Functional lenses for R7RS Scheme is inspired by Haskell. Functional lenses provide a way to combine getters and setters into a first-class value that which be easily composed together to inspect and update arbitrarily complex data structures.

In Scheme (and other Lisp-family languages), programmers typically make use of pattern matching to extract important information from data structures. However pattern matching can occasionally be a bit too cumbersome for selecting data that is somewhat regular in structure, such as objects structured according to the XML or JSON protocols. In other, more popular languages like Python or JavaScript, you would simply write an expression such as:

  // In JavaScript, you would write code like so:

  var result =
      input["people"].findBy("first_name", "Alice")["salary"];

  costs.monthly.chart.scale = {x: 1.25, y: 1.33};

What can be done with one line of code in JavaScript may take three or four lines of pattern matching code in Scheme, one line for each indirection through the data.

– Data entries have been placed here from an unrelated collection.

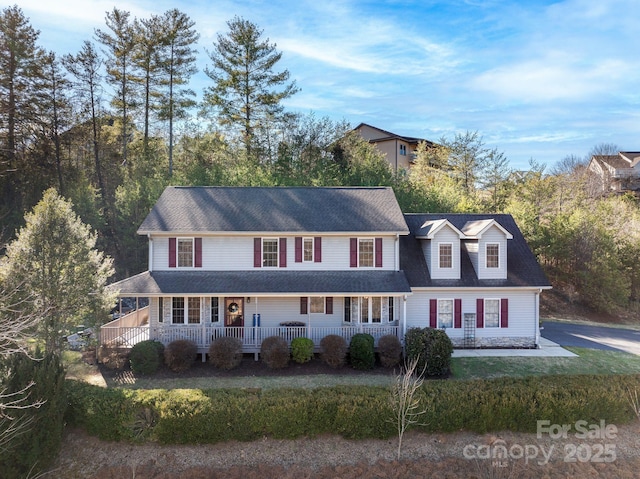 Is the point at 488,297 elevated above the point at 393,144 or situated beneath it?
situated beneath

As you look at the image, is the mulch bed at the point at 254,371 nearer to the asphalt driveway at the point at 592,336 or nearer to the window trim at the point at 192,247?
the window trim at the point at 192,247

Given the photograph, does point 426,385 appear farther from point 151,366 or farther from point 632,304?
point 632,304

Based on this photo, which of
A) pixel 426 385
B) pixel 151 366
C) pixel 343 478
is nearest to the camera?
pixel 343 478

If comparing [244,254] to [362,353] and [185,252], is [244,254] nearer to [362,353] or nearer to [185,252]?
[185,252]

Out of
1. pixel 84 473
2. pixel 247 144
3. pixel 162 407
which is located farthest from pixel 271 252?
pixel 247 144

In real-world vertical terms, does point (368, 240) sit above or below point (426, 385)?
above

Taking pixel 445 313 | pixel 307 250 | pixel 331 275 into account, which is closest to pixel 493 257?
pixel 445 313
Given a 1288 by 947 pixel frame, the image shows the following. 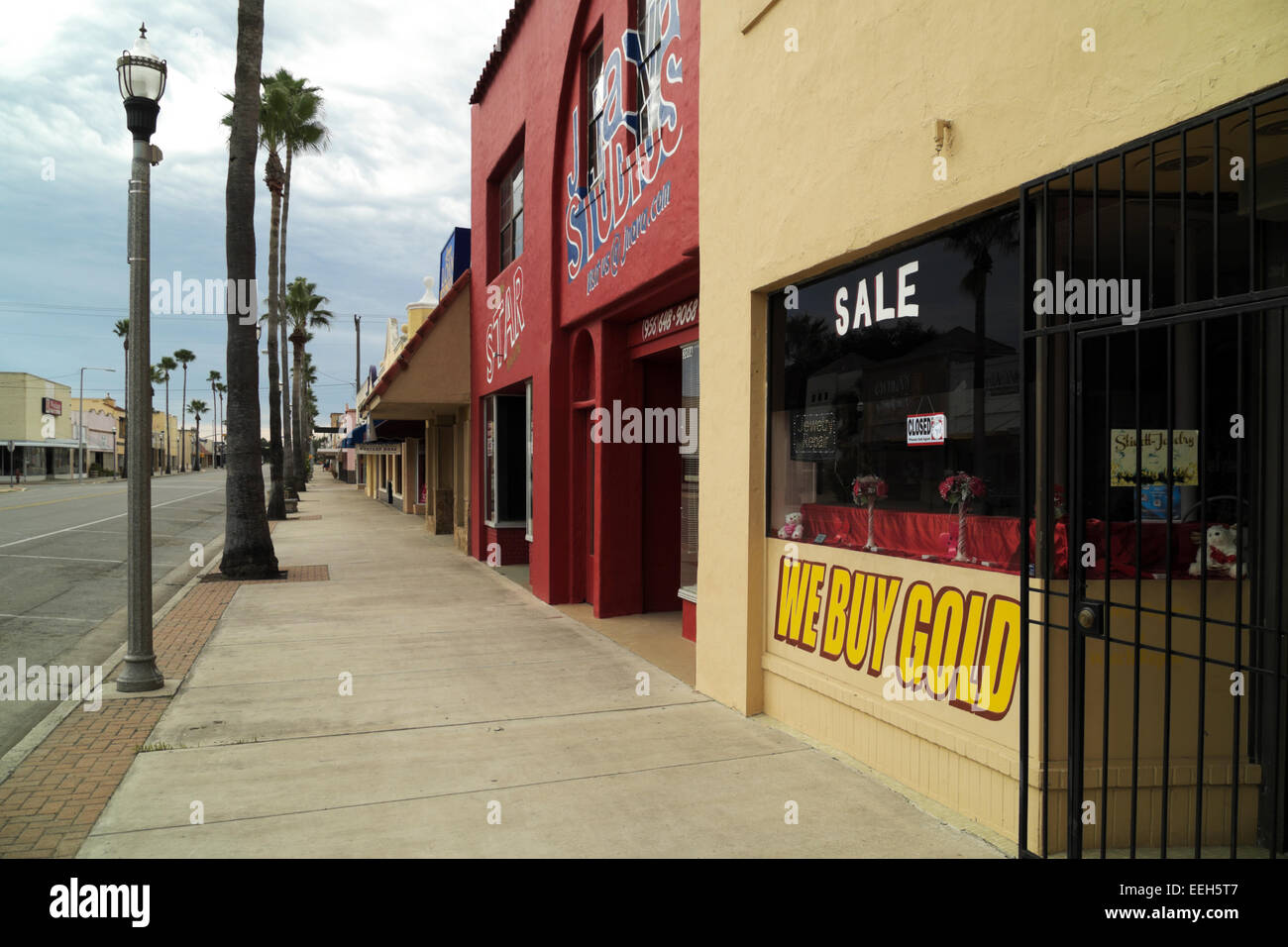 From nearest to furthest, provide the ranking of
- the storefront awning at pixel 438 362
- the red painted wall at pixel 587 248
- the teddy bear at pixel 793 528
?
the teddy bear at pixel 793 528 → the red painted wall at pixel 587 248 → the storefront awning at pixel 438 362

An alternative to pattern matching is to make use of a "Meta-Object Protocol" (MOP) implementation and map your data structures to objects, then access the fields of these objects using ordinary object method composition, just like how Python or JavaScript work. Various MOPs exist for Scheme, some may even provide easy ways to wrap hash tables and vectors into objects that can easily keys or indicies.

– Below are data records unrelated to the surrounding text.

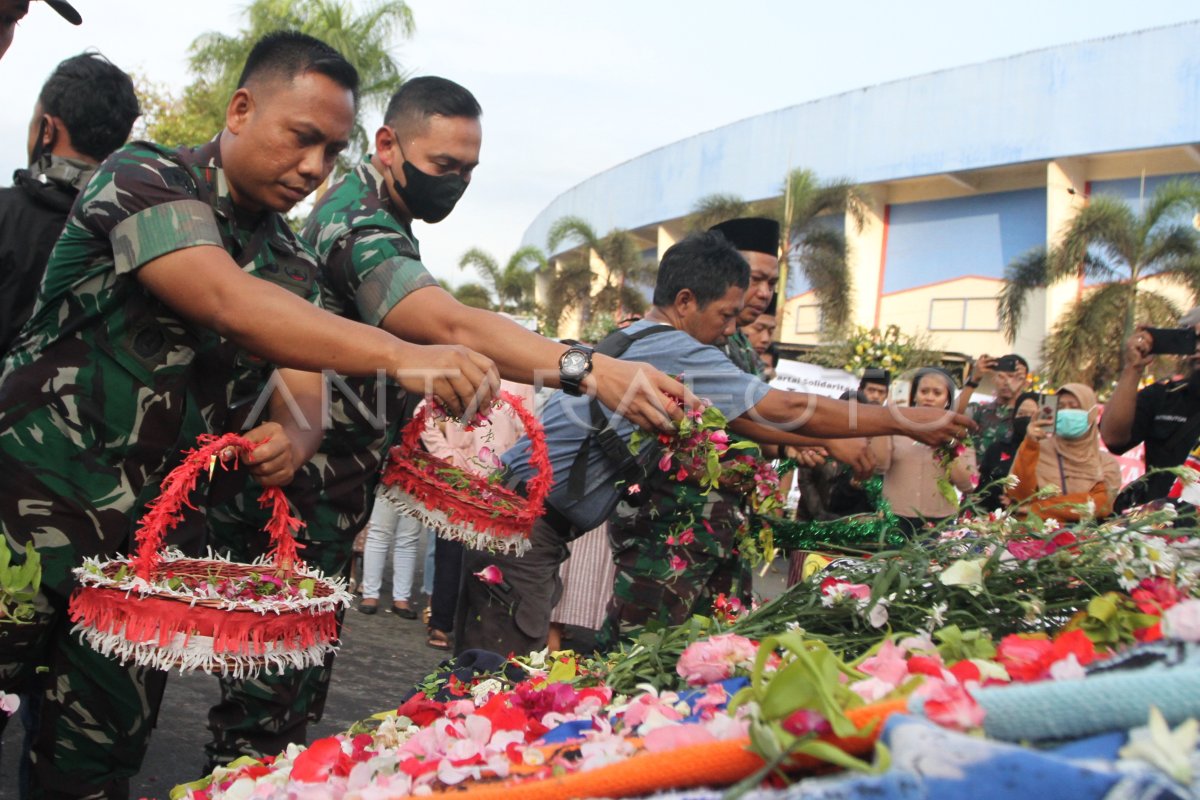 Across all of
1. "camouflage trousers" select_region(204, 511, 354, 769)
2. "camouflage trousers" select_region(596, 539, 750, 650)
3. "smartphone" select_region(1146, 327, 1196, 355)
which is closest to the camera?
"camouflage trousers" select_region(204, 511, 354, 769)

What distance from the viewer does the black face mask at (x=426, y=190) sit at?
3449 millimetres

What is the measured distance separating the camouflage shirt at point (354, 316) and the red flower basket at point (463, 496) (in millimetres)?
119

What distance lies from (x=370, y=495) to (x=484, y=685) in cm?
163

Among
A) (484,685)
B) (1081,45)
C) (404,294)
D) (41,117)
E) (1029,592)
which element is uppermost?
(1081,45)

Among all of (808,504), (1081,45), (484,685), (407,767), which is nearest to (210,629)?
(484,685)

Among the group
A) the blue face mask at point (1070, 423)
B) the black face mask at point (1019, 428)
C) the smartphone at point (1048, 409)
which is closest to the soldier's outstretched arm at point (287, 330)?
the blue face mask at point (1070, 423)

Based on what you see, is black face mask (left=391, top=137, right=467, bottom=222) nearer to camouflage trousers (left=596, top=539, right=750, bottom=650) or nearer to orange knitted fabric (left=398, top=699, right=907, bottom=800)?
camouflage trousers (left=596, top=539, right=750, bottom=650)

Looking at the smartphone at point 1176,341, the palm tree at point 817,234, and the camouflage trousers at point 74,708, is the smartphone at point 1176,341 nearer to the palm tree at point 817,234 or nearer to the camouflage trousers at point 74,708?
the camouflage trousers at point 74,708

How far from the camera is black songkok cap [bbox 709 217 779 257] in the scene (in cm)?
548

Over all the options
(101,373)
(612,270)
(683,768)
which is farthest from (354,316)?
(612,270)

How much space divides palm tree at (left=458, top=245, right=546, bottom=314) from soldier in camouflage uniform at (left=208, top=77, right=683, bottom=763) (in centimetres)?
3757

Yet another alternative is functional lenses (this library). It works by defining few primitive "unit lenses", and then more complex lenses can be constructed by composing together these unit lenses. The resulting code looks much more similar to something with which a JavaScript or Python programmer would be comfortable using. The above JavaScript example could hypothetically be rewritten to look more like the following:

  ;; With Scheme functional lenses, the above JavaScript example
  ;; *could* perhaps be written in this way:

  (define result
    (view input 'people (find-by 'first-name "Alice") 'salary))

  (lens-set! '((x . 1.25) (y . 1.33)) costs 'monthly 'chart 'scale))

There are also similarities in functionaltiy between lenses and SRFI-17 "Generalized set!", in which a set! is redefined as a macro which inspects its first argument and uses it to construct an updating procedure. Then there are well-defined mechanisms, such as defining "accessors" within a MOP framework, to parameterize the set! expression so that Scheme programmers may declare their own set! expressions for arbitrary data structures without needing to write their own macros.

However functional lenses, as the name implies, do not use macros, rather they are entirely functional. In fact, it is possible to declare purely functional lenses as well, in which data structures are not mutatated but replaced with slightly altered copies (more on this below).

Building and testing

This library has been used with the following scheme implementations:

Unit tests currently only pass on Guile, and also in the Gambit interpreter (the Gambit compiler crashes when using lenses). Stklos mostly passes all unit tests with a few not passing. MIT/GNU Scheme does not provide the SRFI-64 testing framework, but running each individual tests by hand seems to produce expected results.

It should not be too difficult to port to other R7RS Scheme implementation as well.

To run the test suite in Guile:

scheme@(guile-user)> (load "gypsum/lens-tests.scm")

Simple Example

(import
  (scheme base)
  (only (scheme write) display write newline)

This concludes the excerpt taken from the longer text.